Welche Effekte des Drogenkonsums sind
Ihnen aus der Arbeit mit den Patienten bekannt?
Aus psychiatrischer
Sicht können sogenannte drogenindizierten Psychosen auftreten mit
Wahnvorstellungen, starken Angstzuständen und Halluzinationen - auch bekannt
unter der Bezeichnung "Horrortrips". Daneben gibt es natürlich etliche
körperliche Probleme, die infolge einer Abhängigkeit entstehen. Beim Alkohol
sind das zum Beispiel schwerwiegende Leberschädigungen bis hin zur
Leberzirrhose oder Schädigungen des Nervensystems- bei anderen Drogen können
Herzschäden, Atemlähmungen, Nierenversagen oder auch schwerwiegende
Schädigungen des körpereigenen Abwehrsystems vorkommen.

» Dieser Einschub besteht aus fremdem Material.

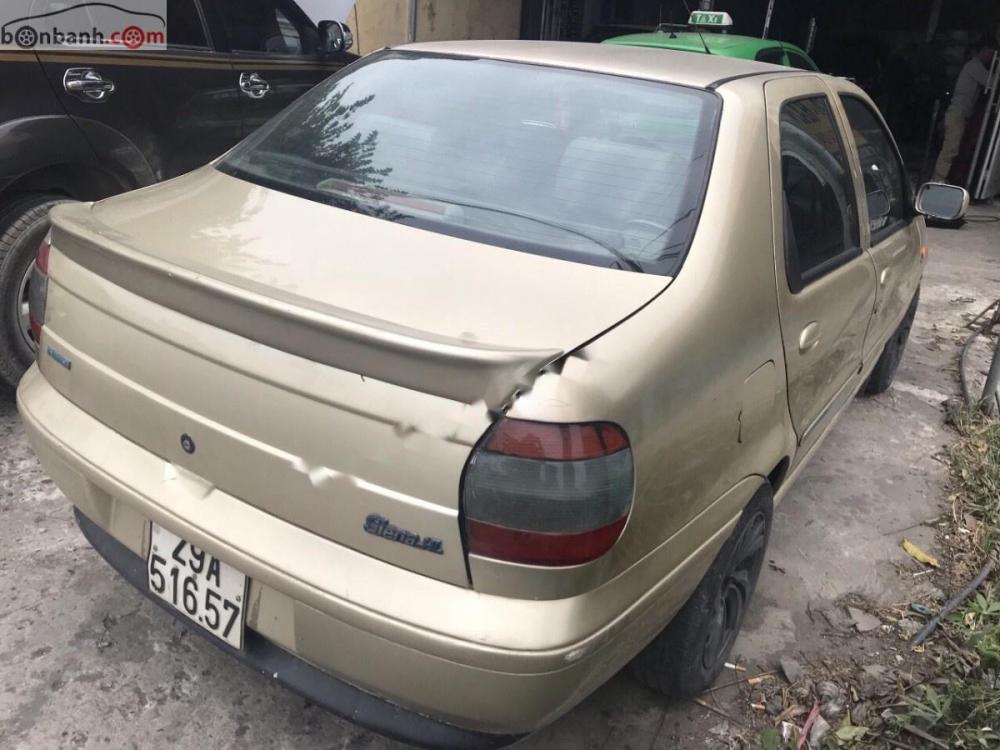 Fiat Siena 2002 - Cần bán Fiat Siena đời 2002, màu vàng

Können psychische Erkrankungen eine
Drogensucht begünstigen?
Ja, auch umgekehrt kann eine Sucht als Folge einer psychischen Erkrankung entstehen. Das nennt man dann sekundäre Abhängigkeit. Häufig beobachten wir das zum Beispiel als Folge einer Depression oder verschiedener Angststörungen. Hier wird allerdings häufiger zu Alkohol oder Medikamenten gegriffen - weniger zu illegalen Drogen. Um das zu verhindern, sollten Betroffene nicht warten und sich bei psychischen Problemen in Behandlung begeben, bevor eine ernste Erkrankung oder eine Sucht daraus resultiert.